Some issues were experienced with the initial installation of the bogie on the model as the scroll irons had not been mounted to ensure symmetry about the centre line. A good deal of trial and error was required to have the bogie pivot correctly and to maintain traction. Yes, the model follows the prototype… However, the model boiler differs in that it is secured through the chimney with a 6BA screw. The bogie swivels around this screw and about the rods shown in the pictures. Only sufficient tension is required to keep the bogie aligned in the vertical plane but a little slackness to allow the bogie to swivel as the track dictates.

The power bogie showing the scroll bars and cross members that serve to support the bogie under the coach.

The guidance in the instructions was insufficient and incorrect in that it indicated that the scroll irons be mounted forward of the position they now occupy. They were also specified to be located too far apart as compared with the vertical rods. And in the initial position, as per the instructions, there was no clearance for the bogie to swivel as the motion plate fouled on the leading transverse beam. It was only after careful measurement with the model on a flat surface that these issues were deduced. Finally, when the cast white-metal floor was initially installed it pushed the whole bogie forward and the leading axle looked very strange sitting in the air raised above the track! On reflection, these issues may have been caused in part by the chimney and roof not being built with identical overhang at each end – about a 1mm error. This was, of course, my fault. However, some notes in the instructions on the interdependencies of all the related components would have been useful.

The prototype power and trailing bogies wheels were of 4ft diameter. Slaters wheels have been used on the model.

The model is powered by a Mashima motor and a Zimo DCC decoder loaded with sound files of railmotor no. 93 from YouChoos in the UK. A Stay Alive unit from DCC Concepts has also been installed to ensure continuous power and DCC signal as pickups are only installed in the power bogie.

The Coach and Roof

The coach placed over the bogies showing the rough assembly of the whole model.
The coach design was such that a central vestibule serviced two seating compartments. In addition there was a luggage compartment just behind the engine compartment. Driving facilities existed at each end to allow control and travel in both directions.

The coach work was built from brass etches and was fairly conventional. Each side was made up of two panels on either side of the passenger vestibule with detail relief provided by overlays.

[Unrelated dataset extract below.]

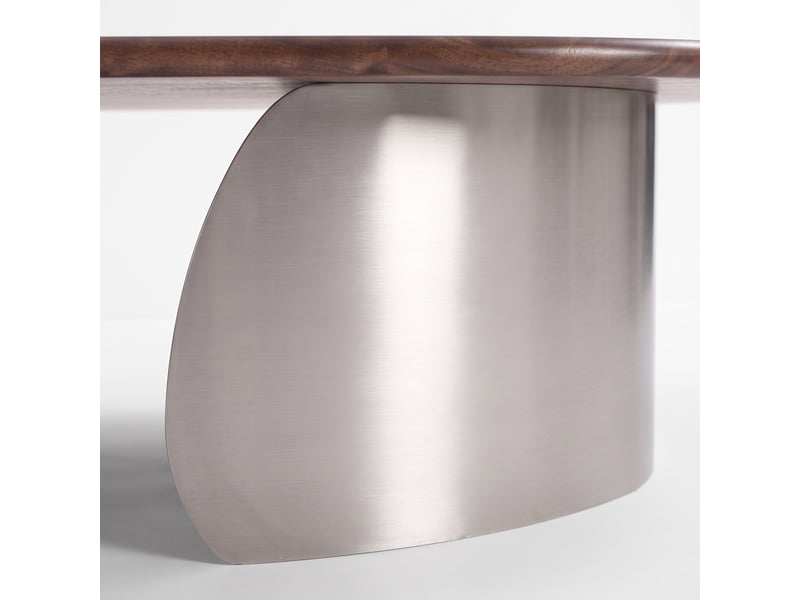  Table basse en bois de manguier marron foncé et métal brossé 120 cm-selma Selma - Conforama C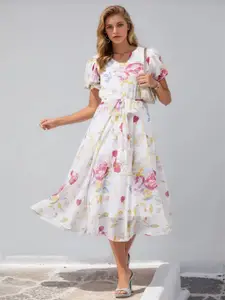 Marie Claire Floral Printed V-Neck Puff Sleeves Belted Georgette Fit & Flare Midi Dress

The roof had to be rolled from its flat etch and this required some delicate handling as much of the panel was half etched to provide detail for rain gutters etc. The roof was designed such that some of the partitions were duplicated – some attached to the roof helping to form its shape. These partitions would provide a detail face to partners already installed as part of the coach itself. Such false partitions helped provide the shape of the roof but getting the whole length to sit down on top of the coach sides was a challenge. This was eventually achieved in conjunction with securing the base of these partitions through the floor with tabs provided. These tabs were meant to be twisted to retain the roof but this was considered unsatisfactory as the tabs were quite large and risked deforming the partition if twisted. The partitions were secured by drilling through the tabs at the under floor level and inserting split pins to hold the roof in place.

One of the differences between this Diagram (Q) and that for Diagram R of which Railmotor 93 (preserved) is a member is in the hand-rails. Number 80 has far fewer such items. Number 93 has an additional number for access from ground level for the crew.

Glazing

Clear styrene was used for the windows fixed with G-S Hypo Cement. Windows were cut out from sheet and manoeuvred into place on the end of a sticky stick used by jewellers to position gem stones, etc. This was the first time that this method has been used and it certainly made it easier.

Painting

One of the periods of operation for the layout is the early twentieth century. Between 1912 and 1922 the GWR adopted a crimson lake livery. Phoenix Precision sell GWR Coach Lake, but such paints are not available here in Australia. Nor are the usual Halfords spray cans. Consultation then took place with experts in the UK and an automobile colour was recommended.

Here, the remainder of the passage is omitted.